BEGIN SOURCE MATERIAL
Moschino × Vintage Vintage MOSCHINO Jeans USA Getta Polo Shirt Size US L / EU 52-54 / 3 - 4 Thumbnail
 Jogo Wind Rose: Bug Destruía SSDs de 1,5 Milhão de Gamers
END SOURCE MATERIAL
BEGIN SOURCE MATERIAL
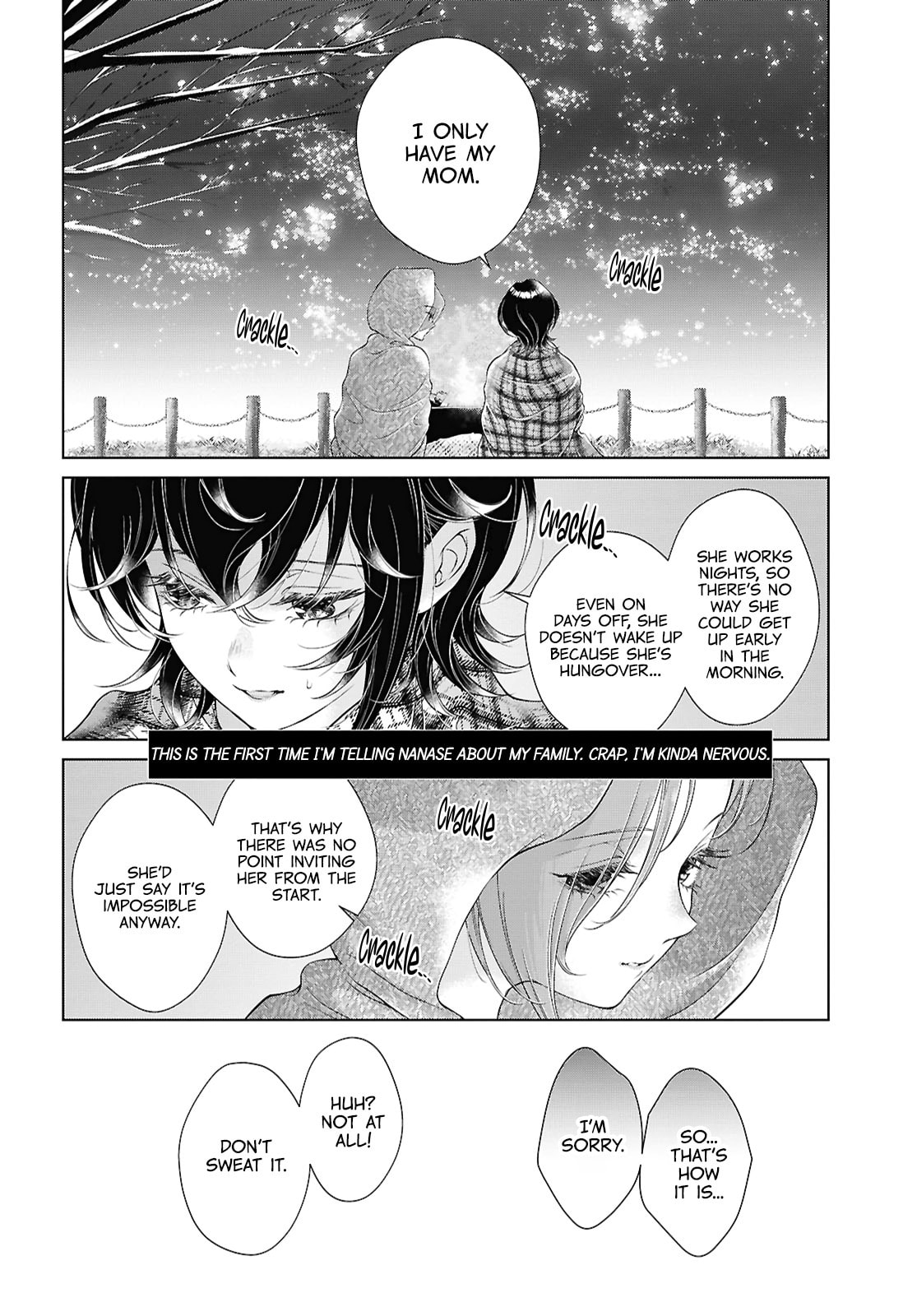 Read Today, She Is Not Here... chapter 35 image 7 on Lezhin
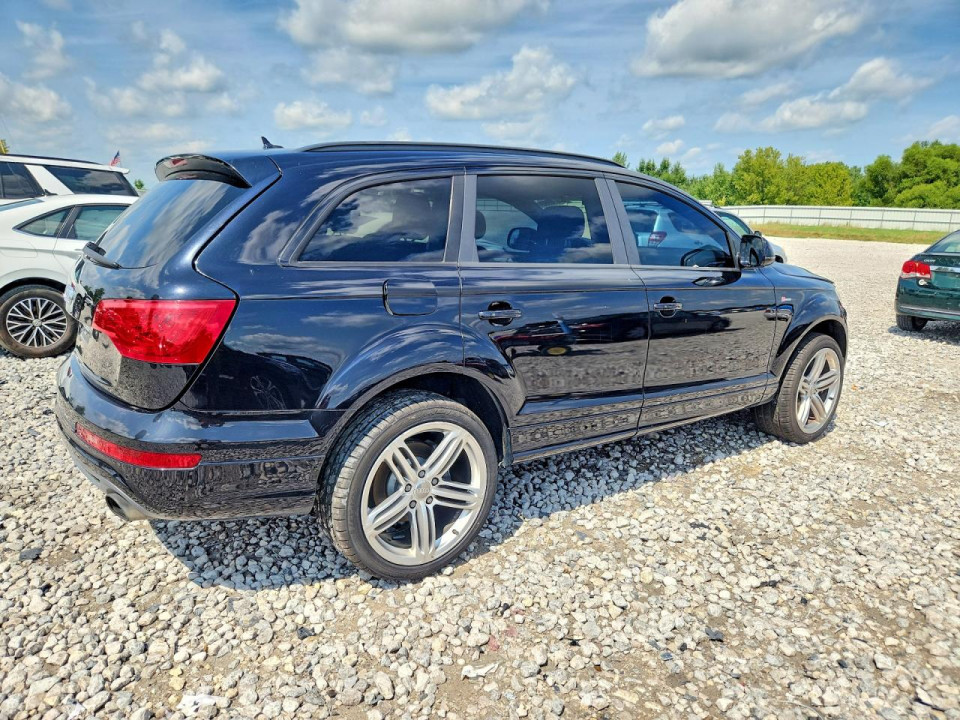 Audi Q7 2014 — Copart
END SOURCE MATERIAL
-- DIRECTIONS FOR THIS TASK --
Taking the listing above as the source, transcribe only the lines starting at the line with "Moschino × Vintage" and going through the line with "Jogo Wind Rose: Bug", unaltered and with both ends included.

-- RESULT OF THE TASK --
Moschino × Vintage Vintage MOSCHINO Jeans USA Getta Polo Shirt Size US L / EU 52-54 / 3 - 4 Thumbnail
 Jogo Wind Rose: Bug Destruía SSDs de 1,5 Milhão de Gamers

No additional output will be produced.